Leaving the pictures aside, return all of the data below exactly.

Given information START

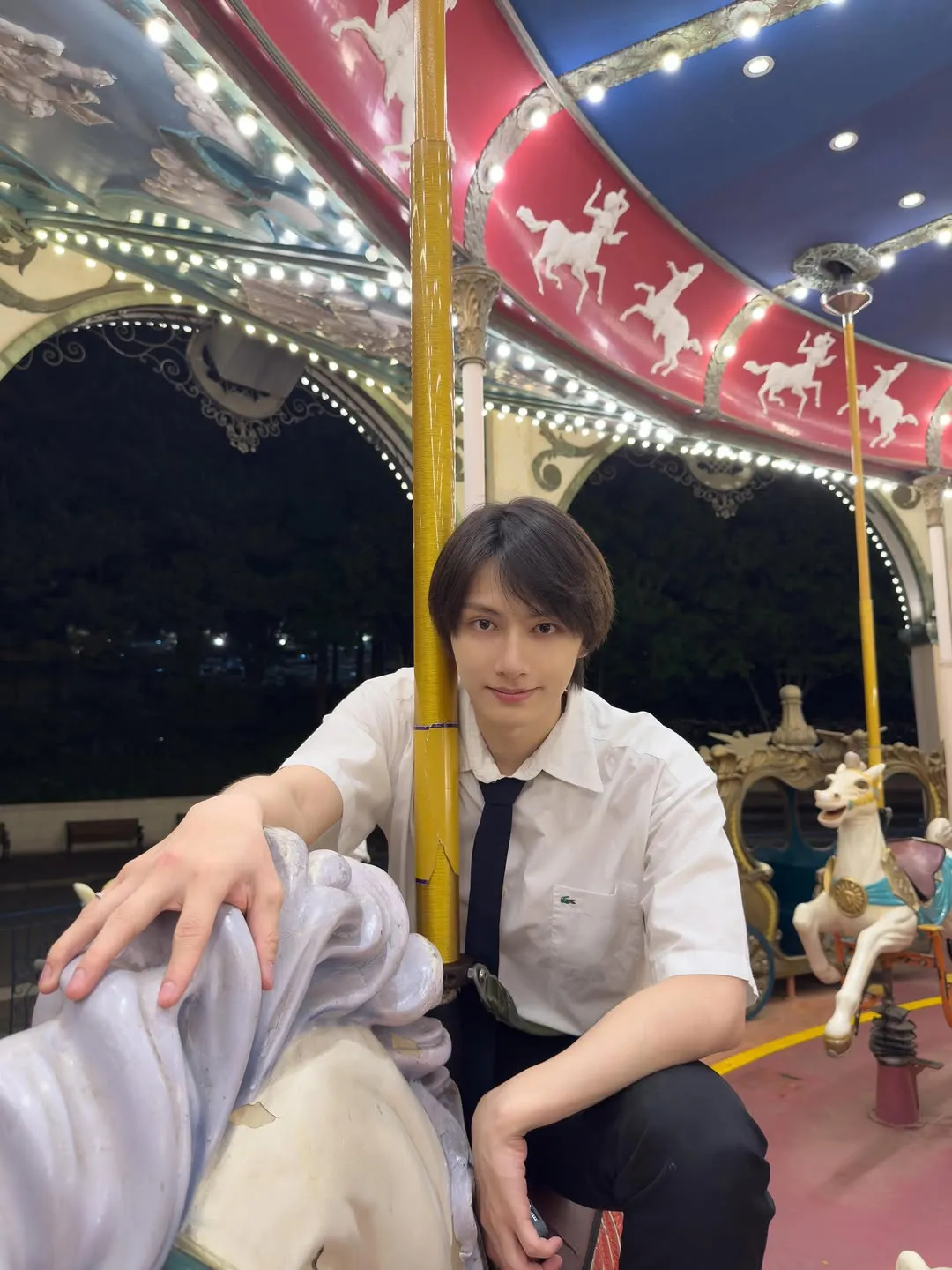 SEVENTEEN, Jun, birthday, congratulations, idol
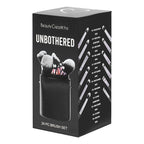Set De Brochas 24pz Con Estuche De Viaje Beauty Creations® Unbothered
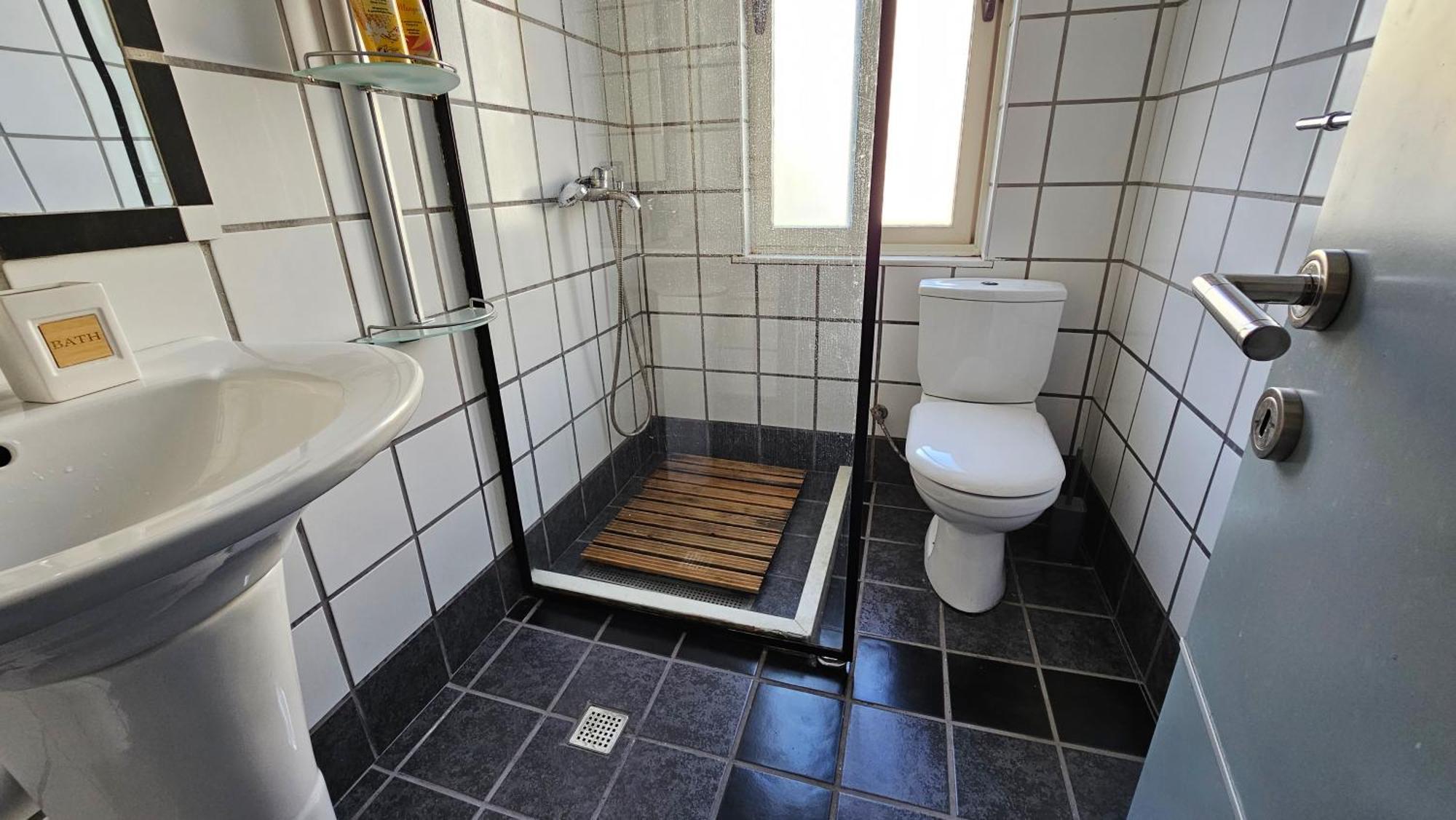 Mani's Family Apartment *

Given information END

Task solution ->
 SEVENTEEN, Jun, birthday, congratulations, idol
Set De Brochas 24pz Con Estuche De Viaje Beauty Creations® Unbothered
 Mani's Family Apartment *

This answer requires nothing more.